In particular, we tabulated the last set in which the learning agent’s choice of an active strategy was effective, and one previous set in which a passive strategy was effective. The pairs of numbers on vertical axis are cooperative rewards given. Reward r is the result of trials that began in an environment where passive strategies suited to learning agents. All sets of patterns achieved about 350 to 400 forwards out of 500 steps in any set of patterns.

Table 4 shows that in the second half of the set, where learning is considered to have progressed sufficiently, the deviation is about 10% of the mean, and learning outcomes are almost the same for all reward patterns. Table 5 shows that learning agents cannot respond immediately when the other agents’ behavioral strategies suddenly switch and they need to give way to others, and they do not move forward in the corridor compared to a well-trained situation. However, the pattern of high cooperative rewards (20, 10) allowed them to move forward from the beginning by about 60%, compared to the end of set. On the other hand, when the environment changed to one in which the other agents passively gave way, they were able to proceed in all patterns more than 90% of the time when they had learned enough.

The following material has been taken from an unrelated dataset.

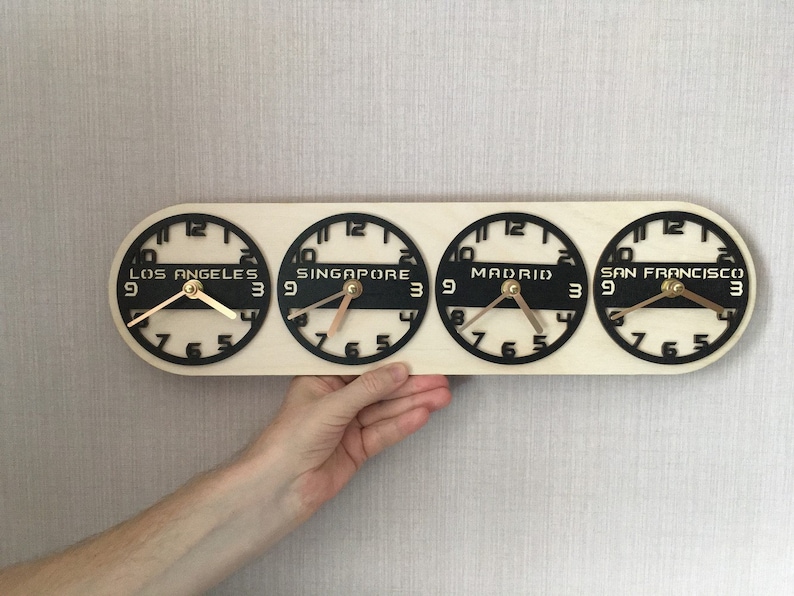 May include: A wooden world time zone clock displaying the time in Los Angeles, Singapore, Madrid, and San Francisco. The clock has a light wood base with four black clock faces and gold hands. The cities' names are printed in white.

Figure 8, Figure 9 and Figure 10 show a histogram of number of states for each percentage that chose an active strategy in the fourth set for each cooperative reward. Figure 11, Figure 12 and Figure 13 show a similar histogram for the fifth set. For example, in Figure 8, we computed the proportion of learning agents that chose an active strategy for each of the states encountered during the fourth set, i.e., between 7501 episodes and 10,000 episodes, for each proportion, and made a histogram of number of states included. However, it does not include situations where less than 10,000 times occur in any one of the three trials. It also does not include the absence of oncoming agents of the counterclockwise group in agent’s sight.

From Figure 8, Figure 9 and Figure 10, the number of states in which the learning agent chose a passive strategy was higher than number of states in which it chose more active strategies in an environment where it was effective to take a passive strategy. Conversely, in environments where active strategies are more appropriate, the number of states where active strategies are more likely to be chosen in learning from Figure 12 and Figure 13 for learning agents with cooperative rewards. For agents who were not cooperatively rewarded, the number of conditions in which they were more likely to choose an active strategy was roughly equal to number of conditions in which they were more likely to choose a passive strategy (Figure 11).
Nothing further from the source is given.